小说中,梁爷爷的骨代表着一种与家庭和家园的疏离,这正是华裔移民在美国社会的镜像写照。第一代中国劳工移民无法回到祖国,他们人生最大的希望就是回到家乡,回到祖国,落叶归根。小说中,无论是梁爷爷本人还是他的遗骨都无法回家,反映了大部分那个年代劳工移民在美国的生存现状。由于种族歧视,《排华法案》(1882),他们在美国没有家庭,“单身汉社会”、“契约儿子”应运而生;持着旧观念的移民劳工们,为了能够有人替他们将遗骨运回故土,他们与没有血缘关系的人签订“契约”,帮助其进入美国社会。然而,贫穷的现状使得这些“契约儿子”无法实现当初的承诺;梁爷爷死的时候,利昂不在身边,甚至没有时间回去参加他的葬礼。梁爷爷的遗骨不但没有回归祖国,后来还遗失在了美国,他成为了一个没有“根”的人。在小说中莱拉说:“如果梁爷爷是一个有家庭的人,会有人为他真正的伤心,悲伤的妻子会为他……”
梁爷爷是个悲剧角色。当他还活着的时候,他没有赚到足够的钱回家,死后,即便是遗体也没能送回国。
梁家生活在旧金山的唐人街,这里住着两类华裔美国人,一类人出生在中国,他们仍然秉承中国传统文化的价值观和生活方式;另一类人出生在美国,生活在美国社会,接受美国文化教育;二者都需要面对中美文化的现实差异在家庭中引发的矛盾和冲突。他们对自己历史的困惑,无法找到自己真正的社会地位。利昂和妈妈是三个女儿的父母,是典型的中国移民家庭。他们深受中国传统文化的影响。在利昂的思想里,女儿最重的职责是顺从和取悦家庭的大家长。安娜的名字里包含“和平的家”的寓意,寄托了利昂一家在美国获得成功的希望;安娜作为利昂最喜欢的女儿,却无法逃脱中国传统思想中“父母之命,媒妁之言”的婚姻观,在巨大的压力下,这个女孩选择在她最美的年纪结束自己的生命,逃避其在中国传统思想和美国自由婚姻观的夹缝中的纠结生活。

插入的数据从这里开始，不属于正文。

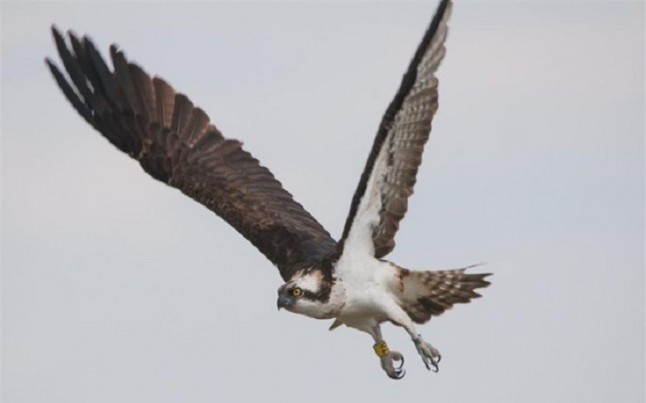 Endesa mantiene 25 proyectos activos al año para conservar la biodiversidad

安娜被迫在家庭和爱人中做出选择,在中国的孝道与美国的个人主义之间无法找到平衡。利昂把他的父权信仰放在高位,他要求安娜表现为一个孝顺的女儿,她的父亲要求她尊重他的权威,但她更想遵从于自己的感情,所以虽然她选择了奥斯瓦尔多,与他离开了唐人街,碎骨喻示着中西文化碰撞后的牺牲品。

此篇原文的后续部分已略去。